Совершенная строгость. Григорий Перельман: гений и задача тысячелетия (Гессен) - страница 71

Для академических учреждений наподобие Института им. Стеклова это означало изменение интеллектуального климата. Для Григория Перельмана — что его путь к вступлению в ряды международной математической элиты теперь был свободен. Его мировоззрение не подверглось испытаниям. Кроме того, он мог теперь встретиться с Михаилом Громовым.

С определенного времени Михаил Громов оказывался связан почти с любым серьезным поворотом в судьбе Григория Перельмана. Каждый, с кем я встречалась, стараясь проследить траекторию Перельмана после окончания им школы, упоминали в разговоре имя Громова: он рекомендовал Перельмана на ту или иную академическую должность, привозил его на конференцию, выступал соавтором его статьи.

Залгаллер отозвался о Громове так: "Это лучшее, что дал Ленинградский университет". Михаил Громов защитил в ЛГУ докторскую диссертацию в 1968 году, когда ему было всего двадцать пять. Его научным руководителем был Владимир Рохлин — тополог, которого Александр Данилович Александров спас от репрессий. Громов, чья мать была еврейкой, отчаялся получить научную должность в Институте им. Стеклова или даже менее желанную для него, преподавательскую — в родном университете. В конце 1970-х он эмигрировал в США и стал работать в Курантовском институте Нью-Йоркского университета. Позднее, сделавшись одним из ведущих геометров мира, он начал делить свое время между Курантовским институтом и сверхпрестижным Институтом высших научных исследований (IHES) в Бюр-сюр-Иветт под Парижем.

Я встретилась с Громовым в парижском Институте им. Анри Пуанкаре — подразделении Университета им. Пьера и Марии Кюри, в котором проводятся конференции и семинары по математике и теоретической физике. Эта информация с университетского веб-сайта подтверждалась табличками на круглых деревянных столах в институтском кафетерии: "Для математиков и физиков-теоретиков".

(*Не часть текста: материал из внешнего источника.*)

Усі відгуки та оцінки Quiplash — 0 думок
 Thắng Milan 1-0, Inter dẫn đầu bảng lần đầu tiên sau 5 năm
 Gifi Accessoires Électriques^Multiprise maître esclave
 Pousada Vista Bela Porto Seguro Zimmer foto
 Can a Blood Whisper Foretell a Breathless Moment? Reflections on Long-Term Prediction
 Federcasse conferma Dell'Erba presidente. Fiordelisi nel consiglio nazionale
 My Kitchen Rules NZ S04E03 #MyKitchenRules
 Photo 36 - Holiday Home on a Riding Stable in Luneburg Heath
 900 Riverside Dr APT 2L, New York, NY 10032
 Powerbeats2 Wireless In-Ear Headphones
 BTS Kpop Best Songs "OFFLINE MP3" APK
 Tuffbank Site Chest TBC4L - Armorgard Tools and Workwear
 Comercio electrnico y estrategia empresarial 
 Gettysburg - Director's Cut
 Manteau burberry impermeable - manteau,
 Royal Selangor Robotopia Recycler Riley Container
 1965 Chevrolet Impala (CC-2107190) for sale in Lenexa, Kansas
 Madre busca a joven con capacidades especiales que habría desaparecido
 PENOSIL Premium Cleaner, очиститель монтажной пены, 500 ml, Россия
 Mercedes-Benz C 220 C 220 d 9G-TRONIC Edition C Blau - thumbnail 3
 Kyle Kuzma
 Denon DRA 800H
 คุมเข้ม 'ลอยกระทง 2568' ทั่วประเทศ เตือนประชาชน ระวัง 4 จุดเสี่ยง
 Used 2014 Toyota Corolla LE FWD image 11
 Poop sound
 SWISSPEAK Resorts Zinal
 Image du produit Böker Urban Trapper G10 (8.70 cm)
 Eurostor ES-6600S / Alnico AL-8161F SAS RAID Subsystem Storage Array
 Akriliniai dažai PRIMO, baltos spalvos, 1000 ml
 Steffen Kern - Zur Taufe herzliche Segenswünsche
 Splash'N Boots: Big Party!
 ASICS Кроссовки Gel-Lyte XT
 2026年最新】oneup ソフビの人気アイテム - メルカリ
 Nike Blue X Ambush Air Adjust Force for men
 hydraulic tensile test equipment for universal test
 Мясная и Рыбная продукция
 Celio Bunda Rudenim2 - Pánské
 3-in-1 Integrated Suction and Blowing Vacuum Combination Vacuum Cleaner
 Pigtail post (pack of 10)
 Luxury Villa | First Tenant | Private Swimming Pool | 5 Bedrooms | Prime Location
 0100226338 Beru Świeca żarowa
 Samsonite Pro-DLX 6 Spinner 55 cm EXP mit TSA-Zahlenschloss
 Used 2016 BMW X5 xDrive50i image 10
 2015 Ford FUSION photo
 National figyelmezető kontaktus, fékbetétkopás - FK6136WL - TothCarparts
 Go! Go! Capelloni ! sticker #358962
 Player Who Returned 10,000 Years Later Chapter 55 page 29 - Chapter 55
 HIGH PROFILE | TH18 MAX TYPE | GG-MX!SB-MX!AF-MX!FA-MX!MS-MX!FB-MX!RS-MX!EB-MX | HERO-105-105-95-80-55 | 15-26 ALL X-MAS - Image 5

Громов вел оживленную дискуссию с американским топологом Брюсом Кляйнером (я встретилась с ним в Нью- Йорке несколькими месяцами ранее). Когда я подошла, Кляйнер поднялся, но оказался слишком увлечен беседой, чтобы меня поприветствовать. Вместо этого он повернулся к Громову и заявил, что наука, в которой ничего не нужно доказывать, вообще не является наукой. Громов ответил, что альтернативная система тоже может оказаться последовательной. «Вы говорили когда-нибудь с бомжами? У них бывают грандиозные идеи!" — вспыхнул Кляйнер. Думаю, он имел в виду, что у любого сумасшедшего есть собственная стройная система, о которой тот может рассказать, но Кляйнер был слишком зол, чтобы внятно это артикулировать. Громов, тоже распаляясь, замахал руками: "Нет, нет!" (Он и сам выглядел отчасти как бомж: одежда нелепо висела на его слишком худом теле, джинсы были чем-то испачканы, светло-зеленая рубашка потерта на груди и манжетах, а нечесаные седые волосы и борода торчали во все стороны.) Тут Кляйнер, топая, вышел вон, а раздосадованный Громов повернулся ко мне.